Sunday, July 19, 2009

Exhibit Display from the Shackles of Memory Association

The Shackles of Memory Association created posters to highlight the connections to slavery or the slave trade between France, Africa, and the New World. View seven of the fourteen posters produced for special display in February 2008. The posters and the association slave trade talk were a part of the Kingsley Heritage Celebration, and also included a musical presentation by the University of North Florida Brass Ensemble.

Click here to see the exhibits, read a transcript of the talk, and view a slide show of the event.

Saturday, July 18, 2009

National Parks and the Legacy of Slavery

There are many sites in the National Park system that preserve and tell the stories of slavery, freedom, civil rights, and American culture.

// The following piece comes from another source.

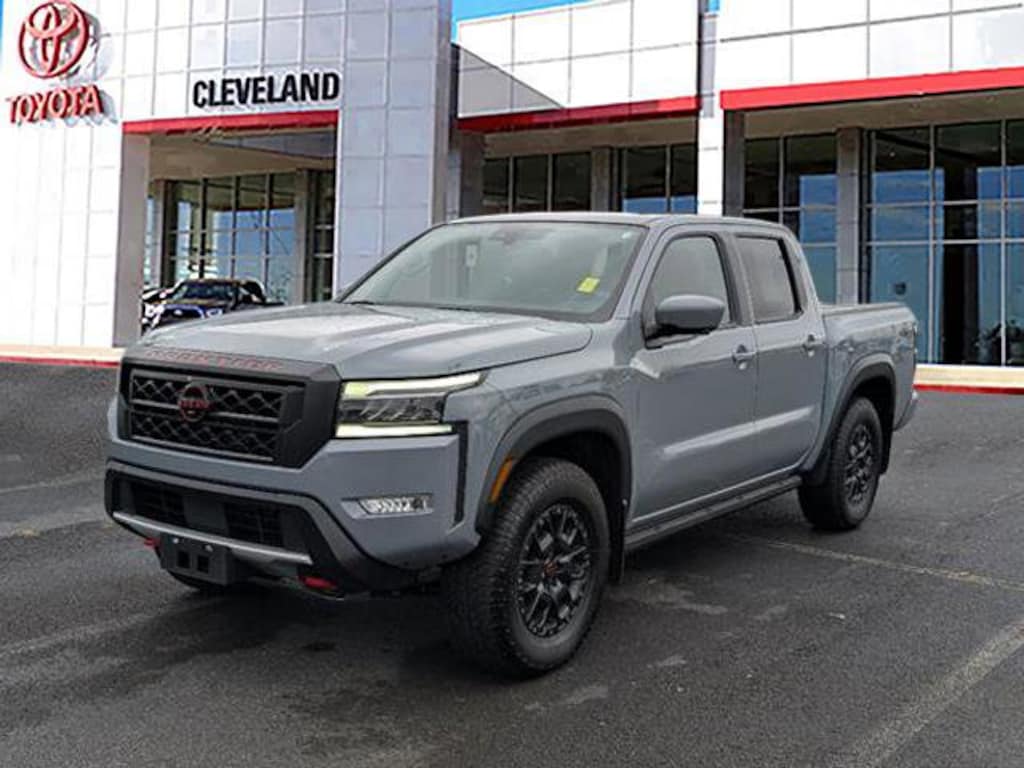 Used 2023 Nissan Frontier PRO-4X Truck Crew Cab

I have chosen a park to represent each of those stories. These parks will create the framework for the educational curriculum being developed to tell the story of slavery in what is today the United States. This framework will be inserted into a transatlantic context so that teachers and students can follow the trade from its early development to the final form of chattel slavery instituted in the American South.

Fort Sumter National Monument - Where The American Civil War Began

Decades of growing strife between North and South erupted in civil war on April 12, 1861, when Confederate artillery opened fire on this Federal fort in Charleston Harbor.

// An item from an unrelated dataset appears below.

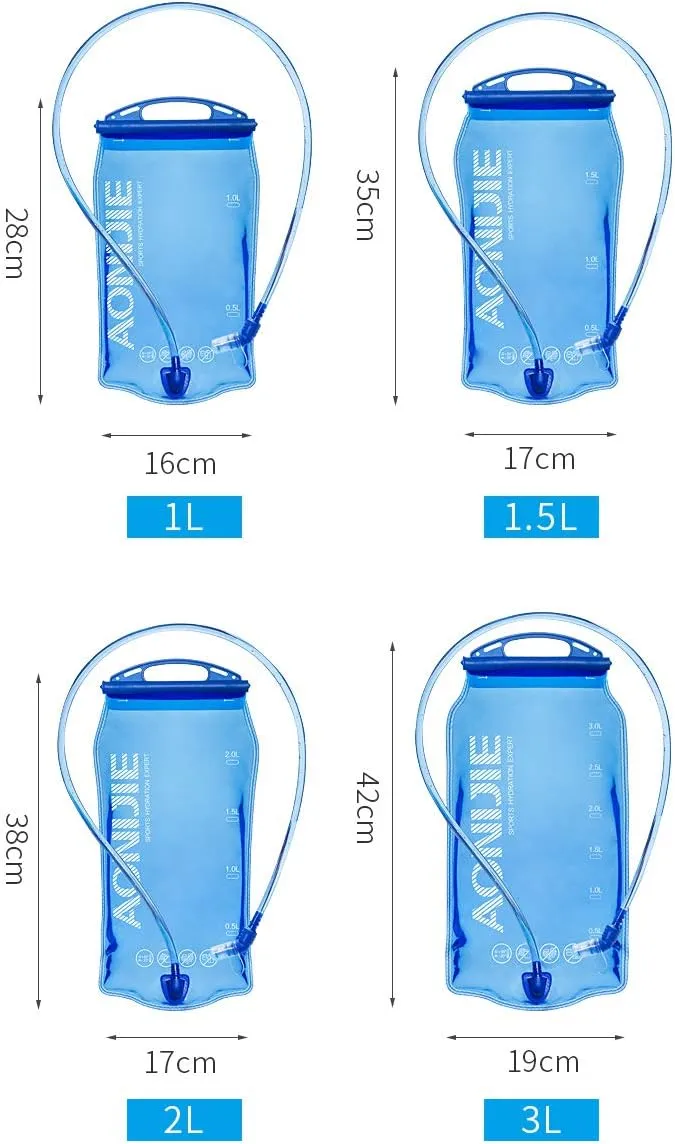 AONIJIE 5L Outdoor Sport Multifunctional Camping Backpack Cycling Running Climbing Hiking Hydration Vest Pack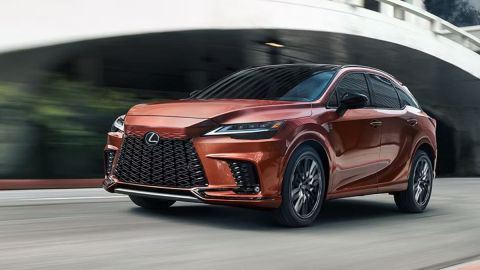 El renovado Lexus RX 2025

Natchez National Historical Park - The City on the Bluff

From the antebellum estate of John McMurran, to the downtown home of African-American barber and diarist William Johnson, to the French Fort Rosalie, this diverse Mississippi River town has been a place of opportunity for hundreds of years.


Cane River Creole National Historical Park - "Living" History

The vibrant African American communities in the Natchitoches region today trace two hundred years of cultural history to this fertile land surrounding the Cane River.




Jazz National Historical Park - New Orleans Jazz!

A story rich with innovation, experimentation, controversy and emotion, the park provides an ideal setting to share the cultural history of the people and places that helped shape the development and progression of jazz in New Orleans.


Timucuan Ecological and Historic Preserve - Kingsley Plantation

During the 18th and 19th centuries, many people came to Florida. Some, like Zephaniah Kingsley, sought to make their fortunes by obtaining land and establishing plantations. Others were forced to work on those plantations, their labor providing wealth to the people who owned them.